If you like Kinky Curly’s Knot Today hair leave in, slippery elm and marshmallow root are probably a big reason why. These ingredients are listed among the first 3 on the ingredient list. This sparked my interest a few years ago when I came across these herbs at a local health food store. I figured if they were responsible for the effectiveness of a product my hair liked, it was worth it to try them in their purest form.
One thing all of the ingredients I will discuss have in common is they are commonly used for purposes other than hair care. Take slippery elm, for example. This herb can be taken in capsule form to treat anything from hemorrhoids and irritable bowel syndrome to stomach ulcers and urinary inflammations.
So what does it do for hair? It promotes healthy strands and helps manage tangles. It belongs to the category of herbs called mucilage plants (there’s a reason that word reminds you of mucous), it is slippery, almost slimy once it’s been extracted as a liquid. To try this herb, simply add 2–3 tablespoons to one cup of boiling water. Once you’ve boiled the mixture for about 15 minutes on low/medium use a strainer to separate the liquid. You should be left with a substance that feels slick to the touch.

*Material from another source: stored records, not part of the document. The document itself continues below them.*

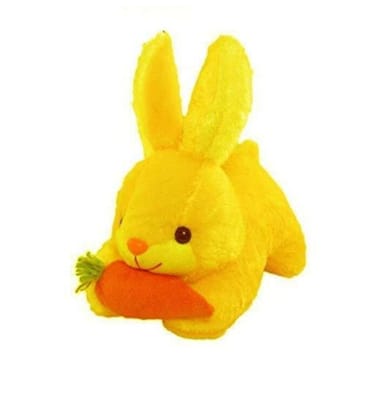 Rabbit with Carrot Lovable Toy (Yellow) PID49077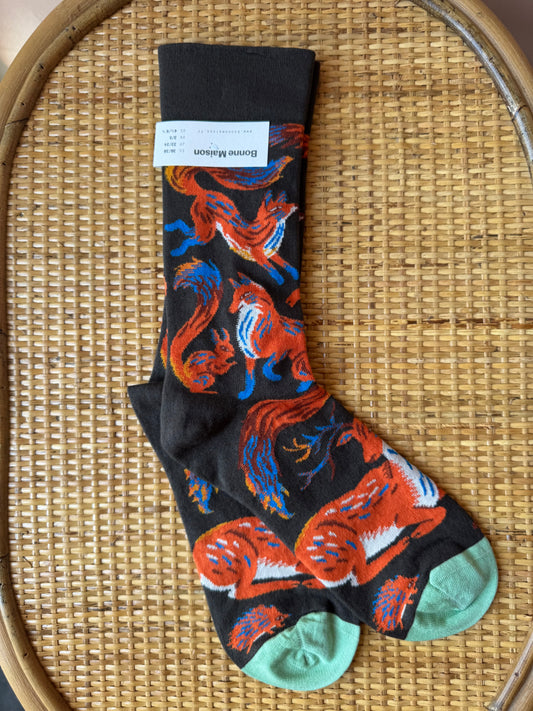 Calze volpi Bonne Maison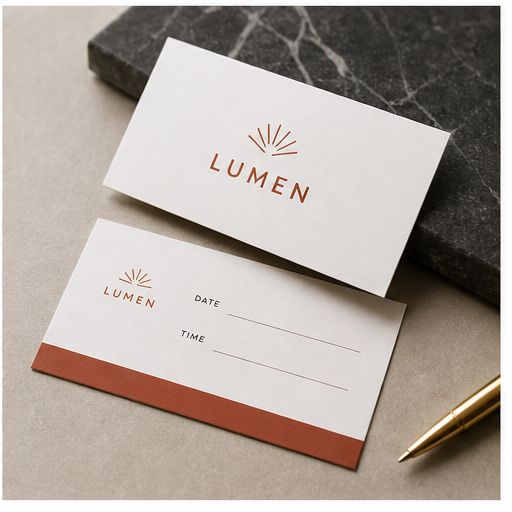 Print-ready PDF artwork visual for Business card design by Y Not Tony Design Studio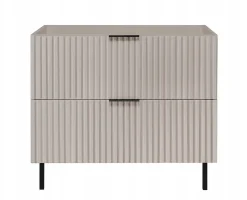 Meuble sous vasque sur pieds FLOW cachemire 80 cm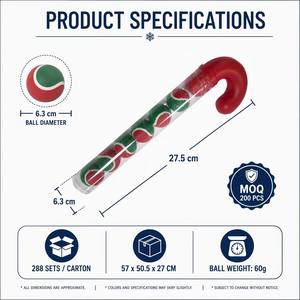 Novedoso Set <span class=keywords><strong>de</strong></span> 6 Juguetes Navideños para Mascotas: Pelotas <span class=keywords><strong>de</strong></span> Tenis <span class=keywords><strong>de</strong></span> Fieltro Realistas en Empaque Festivo <span class=keywords><strong>de</strong></span> Bastones <span class=keywords><strong>de</strong></span> Caramelo, Listo para Venta al por Mayor y Minorista - Product Image 3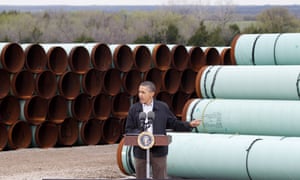 Trudeau has previously said he was ‘disappointed’ in Obama’s decision to reject the plans for TransCanada’s Keystone XL pipeline.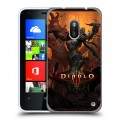 Дизайнерский пластиковый чехол для Nokia Lumia 620 Diablo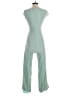 Dee Elly 100% Rayon Chevron-herringbone Green Jumpsuit Size XS - photo 2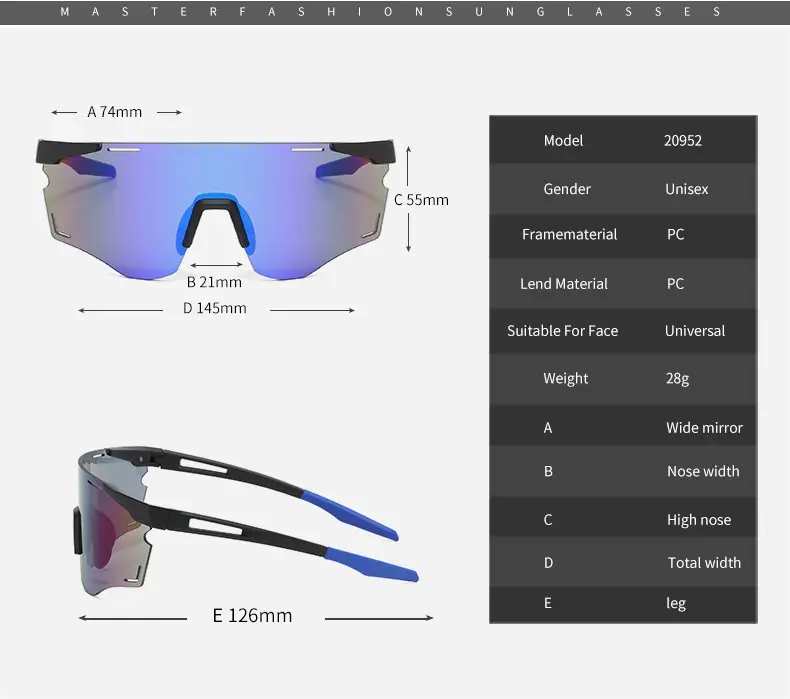 Men Windproof Sunglasses Outdoor Sports Cycling Cross-Border Colorful — feature 51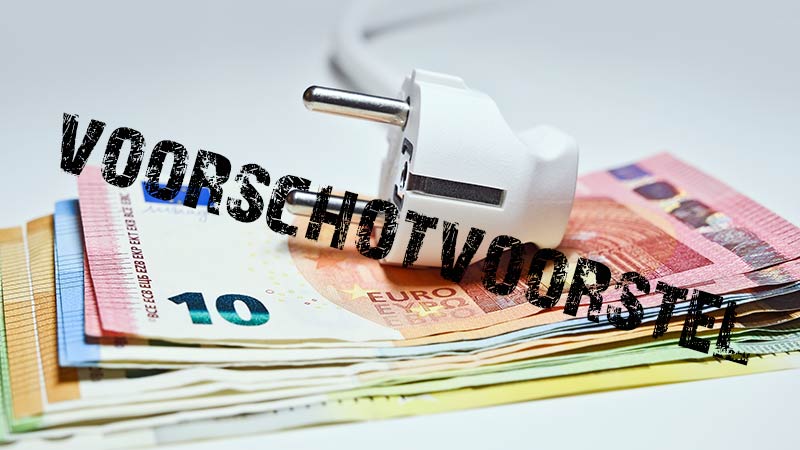 energieleverancier voorschot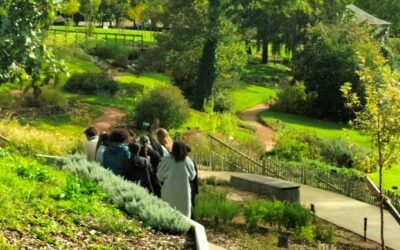 Sortie au Jardin Camifolia des premières bac pro Métiers de l’Accueil et Ulis MS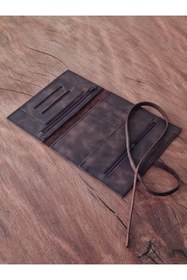 Resim English Leather Tutun Kesesi Cüzdan Tutun Çantası Kartlıklı %100 Gerçek Deri 
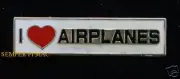 I LOVE AIRPLANES LAPEL HAT PIN UP US ARMY MARINES AIR FORCE COAST GUARD VETERAN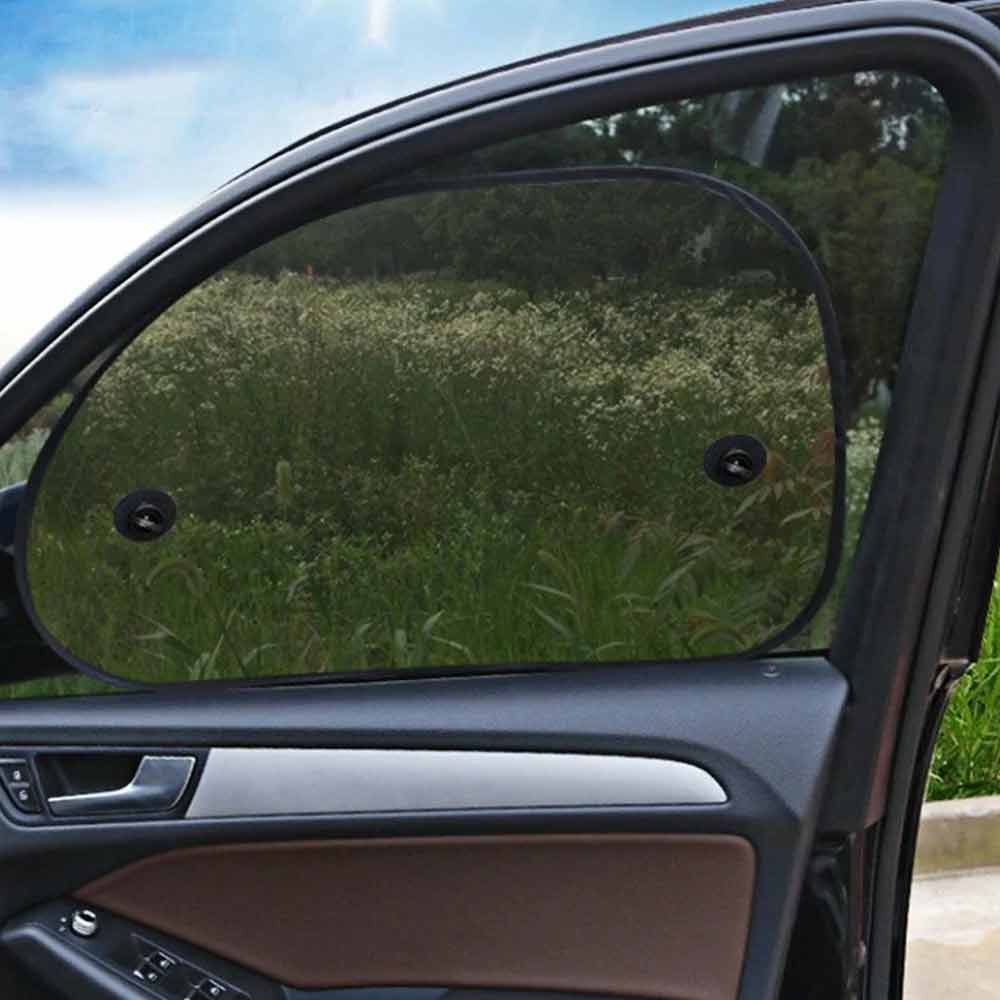 2-Piece Car Sun Shade Cover – Mesh Window Blind with Max UV Protection for Rear & Front Windows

And it can be extracted in a similar way for use on hair. Not only does it provide amazing slip for detangling, it can also treat psoriasis and dry scalp when applied to the root of your hair. Because these herbs are so similar, you might consider combining them to make your own super leave in, one that may put some store bought products to shame.
In recent years I think flaxseed gel has received far more attention than either marshmallow root or slippery elm. In large part because it not only provides moisturizing and detangling properties, it also has a sticky consistency that makes it a great substitute for traditional gel. Although flaxseed is a seed and not a herb, you will want to create your gel by following the same process as you would for the other herbs mentioned. If you make enough gel to last for a week be sure to refrigerate it and enjoy the styling benefits minus the dryness traditional gels can cause.
Have you tried any of these natural detanglers? If so, what did you like or not like about them?